Jacob E. Buerk commenced a business in 1861 in Boston selling the "drum" clock made by his brother, Johannes Bürk, in Schwenningen, Württemberg.  See I.D. 52.  Apparently he saw that the cost of a watchclock could be reduced by eliminating the porcelain face and the intricate, machined recording drum.  The result was his patent for a portable watchclock using a chart in the shape of a disk.  He had his brother produce a clock utilizing these simplifications.

Costs were also attacked by use of a pin rather than a full hinge to hold the cover in place, working in conjunction with a lock mechanism diametrically opposite. A fair proportion of all these pinned covers have been lost, and with them the inscribed Buerk name, but the fact that the cover was of this type serves to identify the clock as a J. E. Buerk.

Jacob's U.S. Patent of January 1, 1865 doesn't claim anything about the marking mechanism, but it pictures a system using the same sort of marking springs used in his brother's clock.  It is unknown if any clocks were produced on that design.

From evidence in a flyer of 1867, Jacob's clocks by that date or earlier were employing "tumblers" to prick the dial when one is depressed by a particular station key.  In the accompanying picture of clock No. 17527, there are six tumblers, each of which will puncture the chart at a different radius when acted upon by the corresponding key out of a set of six different keys.  There is no evidence that Mr.
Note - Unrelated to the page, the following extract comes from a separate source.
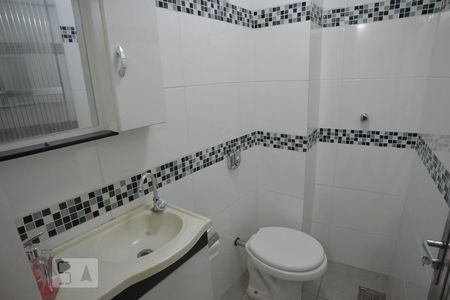 Banheiro de kitnet/studio para alugar com 1 quarto, 27m² em Centro, Rio de Janeiro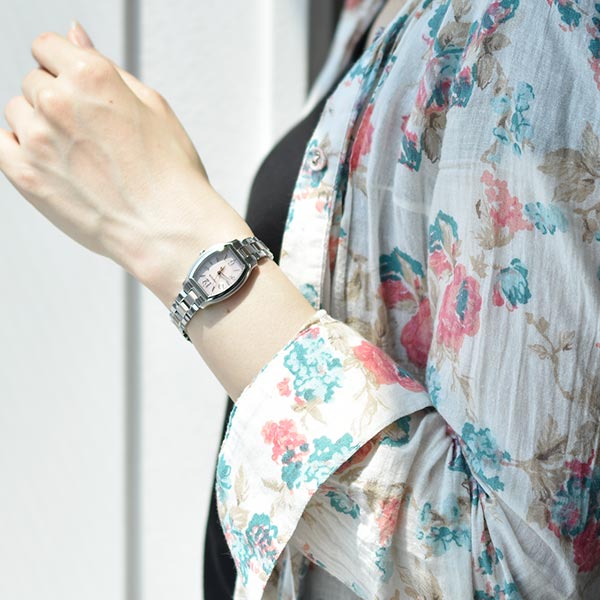 シチズン ウィッカ wicca ソーラー KH8-730-93 レディース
Buerk ever marketed a clock with more than six tumblers, though the industry later moved on to clocks with 30 tumblers. 

After a falling out with his brother's firm, Jacob imported clocks made to his model but produced by one or more other firms.  The principal supplier identified with some assurance is Theodor Hahn of Stuttgart (Clock No. 10,086).  Still later, Jacob reverted to importing from the Bürk firm clocks which, though they may have been modeled after Jacob's design, had become a widely offered standard product (with a hinged cover) known as the "Amerikaner."  This name is well known from brochures and advertising leaflets, but the only clock known to be so marked is owned by Werner Schmid in Stuttgart. By the end of the century, T. Hahn, A. Meyer, J. Schlenker-Grusen, and J. Bürk were all offering clocks in which it is difficult to find a characteristic not found first in J. E. Buerk's clocks.  The major exceptions would be the almost universal addition of a detector mechanism by the others and Hahn's beginning to use an embossing registration system in place of pinprick holes in the chart. See I.D. 101.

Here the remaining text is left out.